Selected Shenzhen residents to get lottery 'red envelopes' with digital yuan
Programs to pilot and encourage widespread adoption of China's central bank digital currency, known as Digital Currency Electronic Payment or the digital yuan, are continuing apace.
As a New Year's offering, the city of Shenzhen is offering its residents the option to register to take part in a municipal lottery, as of last week Friday, with registrations closing this morning, Monday, at 10 am local time. Those interested were able to sign up for the lottery using the iShenzhen event registration platform, according to an announcement by the Shenzhen government. The lottery is, strictly speaking, not a competition but is being settled on a first-come, first-serve basis.
In total, the city plans to give 100,000 "red envelopes" to lottery winners, each containing 200 digital yuan (roughly $31). The envelopes' combined value is estimated at roughly $3 million, and recipients will be able to spend their gifted currency across 10,000 supported merchants.
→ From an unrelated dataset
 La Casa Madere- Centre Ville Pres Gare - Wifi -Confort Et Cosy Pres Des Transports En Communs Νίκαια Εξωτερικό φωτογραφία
The envelopes will only be active for just 10 days, after which the currency will expire.
To spend their currency, lottery winners will need to download and install an app and open a personal digital wallet, having earlier provided their resident ID cards and mobile phone numbers for registration.
As previously reported, China's highly anticipated digital currency had already been used in over 4 million transactions by November 2020, totaling more than 2 billion yuan ($299 million) in value. Pilots have been ongoing since April 2020, with early trials focused on major cities such as Shenzhen, Chengdu, Suzhou and Xiongan.
The digital yuan's unveiling has drawn public officials and reporters to analyze its potential geopolitical implications and its potential impact on a global financial system that continues to pivot around the U.S. dollar as the global reserve currency. In mid-December 2020, the South China Morning Post cited Zhou Xiaochuan, president of the Chinese Finance Association and former People's Bank of China governor, who argued that the DCEP does not intend to replace global fiat currencies such as the U.S. dollar or the euro.